Secrets Left to Post: 06 pages, 141 secrets from Secret Submission Post #042.
Secrets Not Posted: 0 broken links, 0 not!secrets, 0 not!fandom.
Next Secret Post: Tomorrow, Tuesday, October 23rd, 2007.
Current Secret Submission Post: here.
Suggestions, comments, and concerns should go here.

Re: again

[identity profile] kinneas.livejournal.com 2007-10-23 12:30 am (UTC)(link)
Do you have a gun? A license? Do you understand how expensive guns are? A Glock 19, measly 9mm, is 500$. Licensing is around 50$ and requires multiple classes. Do you even know if she's 21 and LEGAL to carry a firearm? Do you know if her father and boyfriend have her under frequent supervision? Do you know ANYTHING about this girl?

No?

then .

How abou you focus your obvious rage and frustration on something OTHER than victim blaming, jackass.

Re: again

(Anonymous) 2007-10-23 12:38 am (UTC)(link)
so it's okay to tell the entire internet you're being abused, then tell them nothing of your own situation, and then tell them they can't help because they don't understand the situation, no, all you want is their sympathy and condolences but someone telling you to get off your ass and find something to solve the fucking issue is victim blaming? there are a helluva lot of ways out, she sounds like she doesn't even want to get out.

ohnoes I'm a horrible person who doesn't deserve to live

Re: again

[identity profile] kinneas.livejournal.com 2007-10-23 12:40 am (UTC)(link)
No, you just have no fucking idea what you're talking about.

I'm not going to enable you with a forum for you horseshit. Bye.

Re: again

(Anonymous) 2007-10-23 02:09 am (UTC)(link)
Actually, everyone's sympathy can go fuck itself. I won't say that I didn't appreciate a few of the comments.

But I didn't post this to get OH POOR YOUUUUU woes. I just wanted to vent. You know, that thing I can't do on my real journal.

I didn't want to put this on my journal because I didn't want people to think of me as that weak, horrible person who stays in a bad situation. I'd rather the people whose opinions matter to me think of me as being happy, even if I'm not.

But people like you just went to prove another reason why I can't post shit like this on my journal. Why I have to say these things anonymously.
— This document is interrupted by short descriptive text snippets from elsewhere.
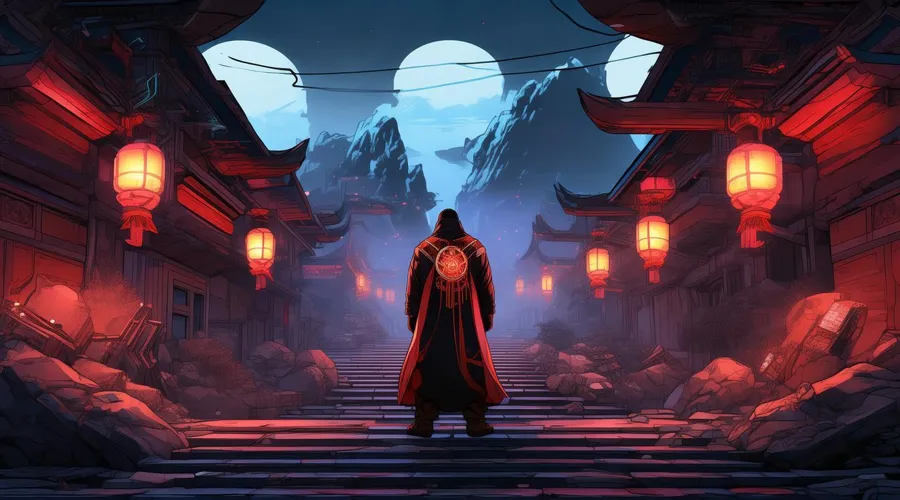 剑雨九天游戏图片1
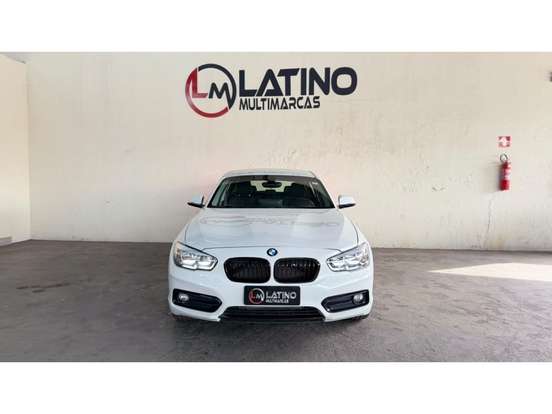 BMW-120i-2.0 16V SPORT ACTIVEFLEX 4P AUTOMÁTICO BMW-120i-2015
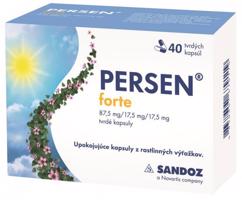 Persen forte 40 kapsúl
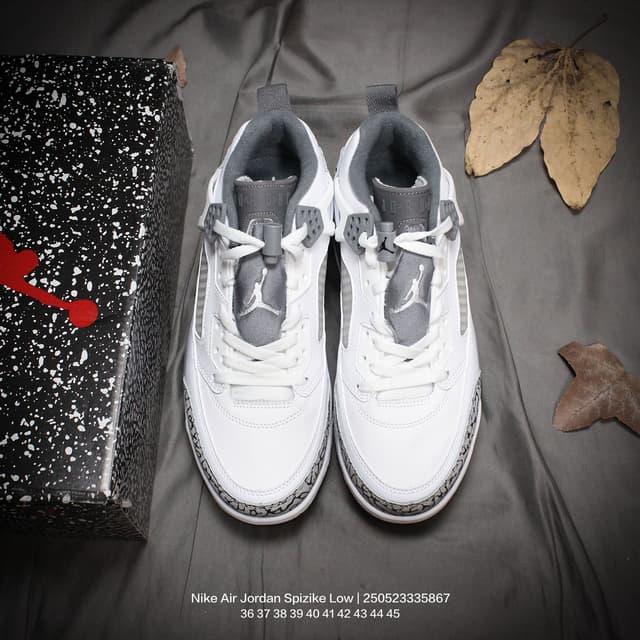 Jordan Spizike Low Retro "White" – Men's Low-Top Lifestyle | Yupoo Rep Sneakers image 8
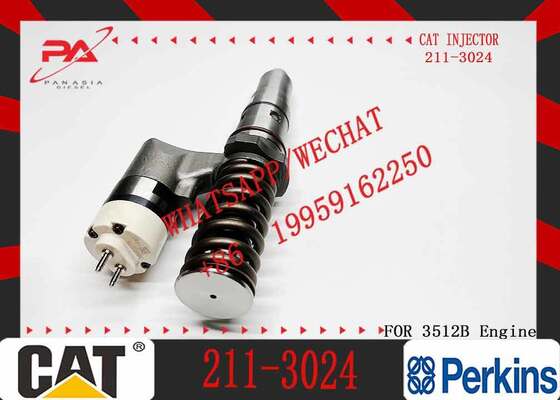 211-0565 211-3022 2113022 211-3023 211-3024 211-3025 Common Rail Fuel Injector for CCater Pillar CCAT C13 Diesel Engine Parts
Because of people like you who have no fucking clue what you're talking about, and no capacity for empathy to help you along.

Re: again

(Anonymous) 2007-10-23 04:37 am (UTC)(link)
iawtc and the other anonymous comment above.

not with the op buying a gun, but i agree with there being ways to get out. i'm tired of people complaining about their abuse / drug / depression / whatever problems and doing nothing to solve them, it's like the issue is used for attention.
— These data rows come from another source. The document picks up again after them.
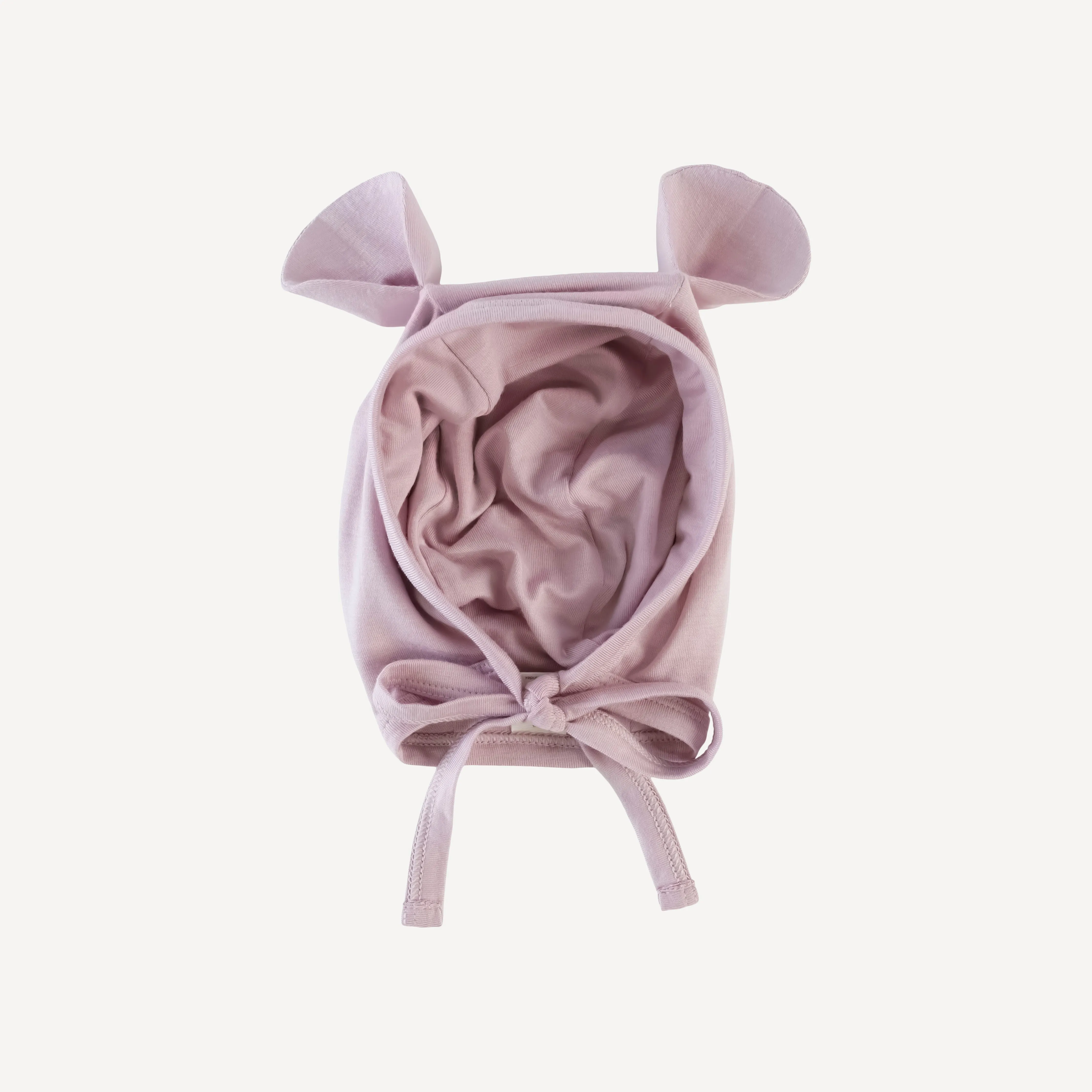 bear hat | lilac sunset | bamboo
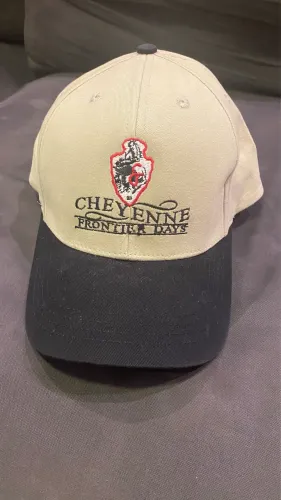 Boné importado Cheyenne Frontier Days Rodeo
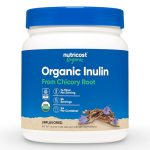 Nutricost Organic Inulin Powder 454g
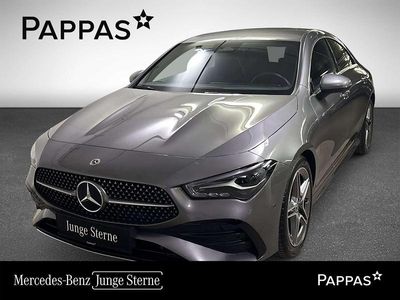 Mountaingrau metallic Gebraucht 2024 Mercedes CLA180 AMG line Limousine | € 39.800 (Etwas zu teuer)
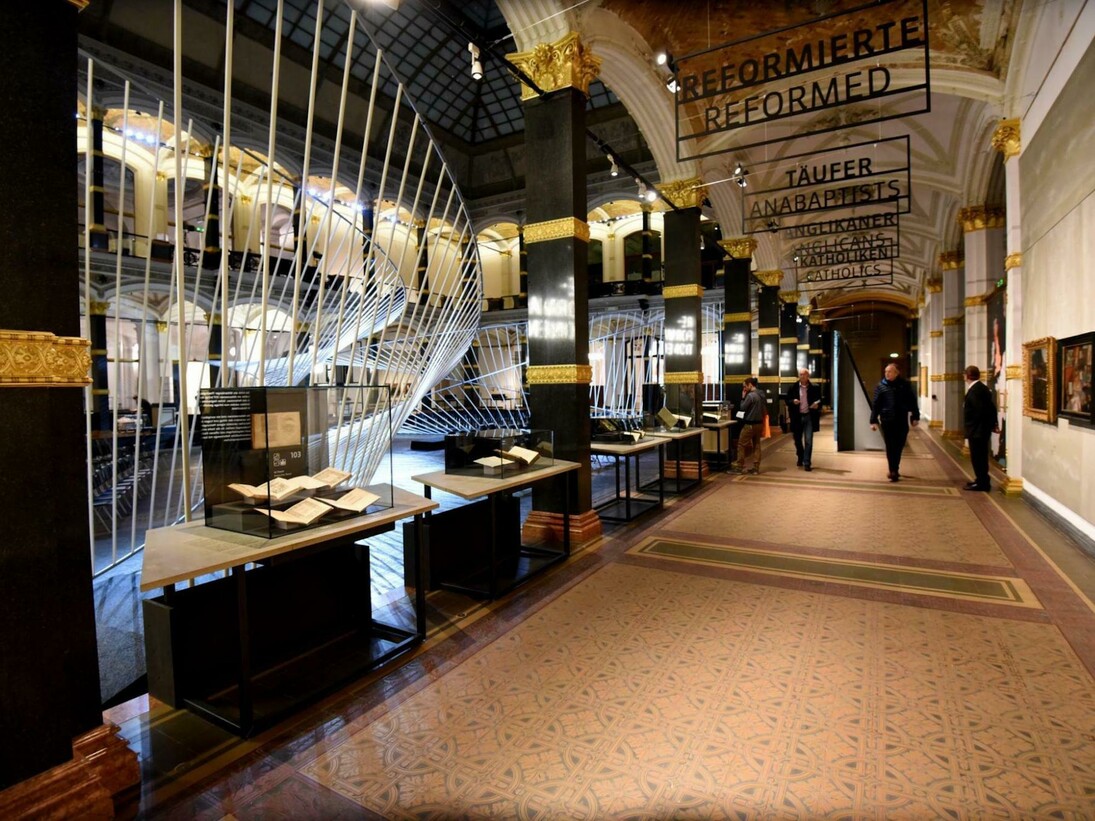 The Luther Effect, Exhibition view. Courtesy of Deutsche Historische Museum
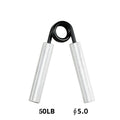 Metal Hand Grips 50-350LBS Strength Training Finger Grip Exercise Fitness Rehabilitation Shape Muscles Portable Hand Grippers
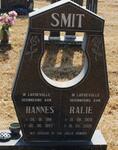 SMIT Hannes 1916-1997 & Ralie 1929-2009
op has obviously researched or asked others for advice. she knows what she needs to do. now she needs to do it or shut up.

Re: again

(Anonymous) 2007-10-23 06:07 am (UTC)(link)
Just because you know what to do DOESN'T make it easy. It's obvious you've never been in any of those situations, because it's NOT that easy to do. It sounds simple to say it, but guess what, jackass?
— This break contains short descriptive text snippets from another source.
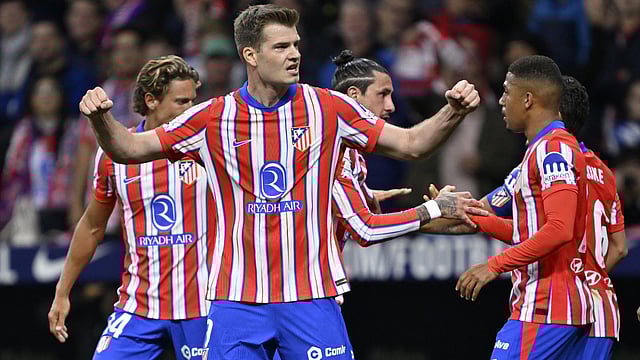 Atletico Madrid 4-0 Real Sociedad, La Liga: Four-Goal Sorloth Makes History In Commanding Win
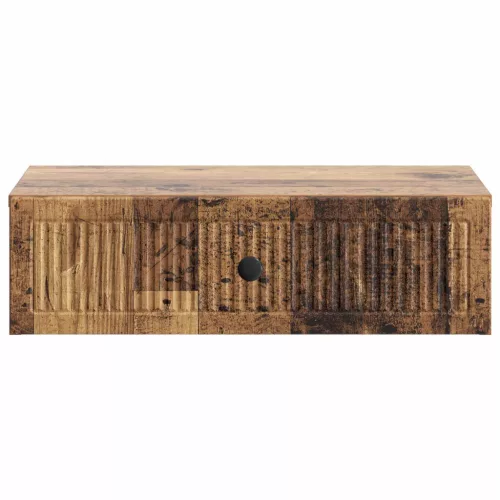  Fali oldaltábla Antik Fa 59 x 34,5 x 17 cm Szerelt Fa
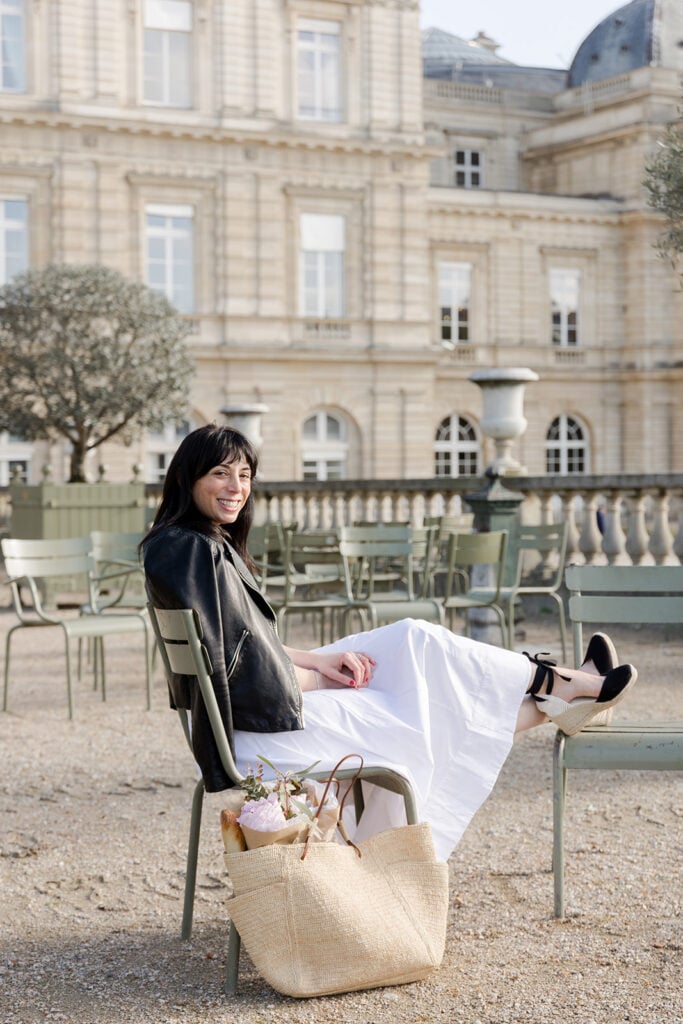 Luxembourg Gardens Paris picnic everyday Parisian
Life isn't simple. Abuse isn't simple. There's nothing wrong with her venting on the internet. If you don't like it, don't read it. She still has her right to post it anonymously and get it off her chest, because it's clear that she really needs to. Obviously she was probably in the wrong to post where a bunch of idiot wankers like you morons could get a hold of it and make her feel like shit, but that doesn't mean you have to be an asshole about it. You don't understand. You don't know as much as you think you do, however much of a terrible blow to your obviously inflated ego it may be. So why don't you just accept that she's gotten it off her chest and move on.